Quando uma área perde produção, a família retira plantas e forma outra parreira. Esse processo também permite introduzir variedades diferentes ao longo do tempo.
Assim, o sítio que surgiu do zero continua passando por novas etapas. A propriedade não chegou a um ponto final depois de atingir 15 mil pés.
A história também passa pelas casas construídas ao redor da lavoura
Durante a caminhada, Isael mostra sua casa e aponta onde vivem o pai e outros familiares. A produção e a vida doméstica acontecem praticamente no mesmo espaço.
Isso explica por que tantas tarefas são divididas. Quem mora ali acompanha a lavoura todos os dias e consegue ajudar quando uma encomenda precisa sair ou uma colheita fica maior.
O sítio acabou se tornando mais do que o lugar onde a família trabalha. Foi também o ponto onde parentes que passaram anos produzindo em terras de outras pessoas conseguiram formar sua própria base.
O dinheiro não veio de herança, segundo o relato da família
Perto do encerramento do vídeo, Eduardo destaca um ponto da história: a propriedade não teria sido recebida pronta como herança. Isael confirma que o crescimento veio do trabalho desenvolvido pela própria família.

NO CAMPO e EDUARDO PÁDUA
A primeira área tinha cerca de 4,5 alqueires. Depois vieram os pequenos terrenos comprados ao lado, a implantação das parreiras e o aumento gradual da estrutura.
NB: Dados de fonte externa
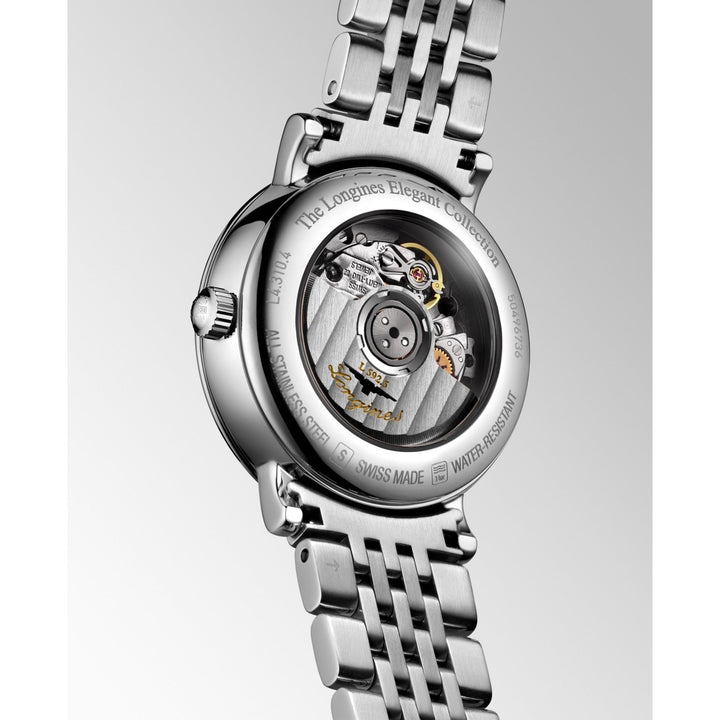 Longines LONGINES ELEGANT COLLECTION L4.310.4.97.6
Não houve salto de uma lavoura de terceiros diretamente para uma propriedade de 10 alqueires totalmente produtiva. O processo foi feito em etapas.
Trabalhar na meia acabou financiando o sonho da terra própria
O ponto central da história aparece quando Isael volta ao período de Campinas. Ele cuidava de uva, dividia despesas e repartia o lucro com o proprietário da lavoura.
Era um sistema que permitia trabalhar sem ter terra, mas também lembrava diariamente aquilo que ele queria construir. Seu plano era deixar de produzir apenas em parreiras dos outros.
Quando Eduardo pergunta diretamente se foi assim que conseguiu comprar a propriedade, Isael responde que sim. O trabalho anterior abriu o caminho para a primeira compra.
De trabalhador em terra alheia a produtor com 15 mil pés
Hoje, Isael passa pelos corredores da própria lavoura com uma tesoura na mão. A esposa trabalha alguns metros adiante, o irmão cuida do gado e outros parentes aparecem quando o volume da colheita aumenta.
São aproximadamente 15 mil pés de uva dentro de uma propriedade familiar que cresceu para cerca de 10 alqueires. Parte das parreiras já atravessou aproximadamente 15 anos de produção.
Nada disso estava ali quando a família chegou. Segundo Isael, havia pasto e um terreno de 4,5 alqueires comprado depois de anos trabalhando com uva para outras pessoas.
Um sonho que começou antes da propriedade
A frase mais importante do relato não aparece quando Isael mostra os milhares de pés carregados. Ela surge quando ele volta ao período em que ainda não tinha terra.
“Era um sonho comprar um sítio e formar as parreiras”, conta ao lembrar dos anos trabalhando na meia.
Primeiro veio o conhecimento da uva. Depois, o trabalho dividido com donos de outras lavouras. O dinheiro ajudou a comprar o primeiro pedaço, as parreiras começaram a surgir e novas áreas foram incorporadas aos poucos.
Cerca de 17 anos depois da chegada da família à região, o resultado aparece nas fileiras que cercam a casa: cachos sendo cortados, encomendas sendo preparadas e aproximadamente 15 mil pés espalhados pela propriedade.
O homem que antes dividia o resultado porque trabalhava na terra de outra pessoa agora colhe uvas dentro do sítio que passou anos sonhando em comprar.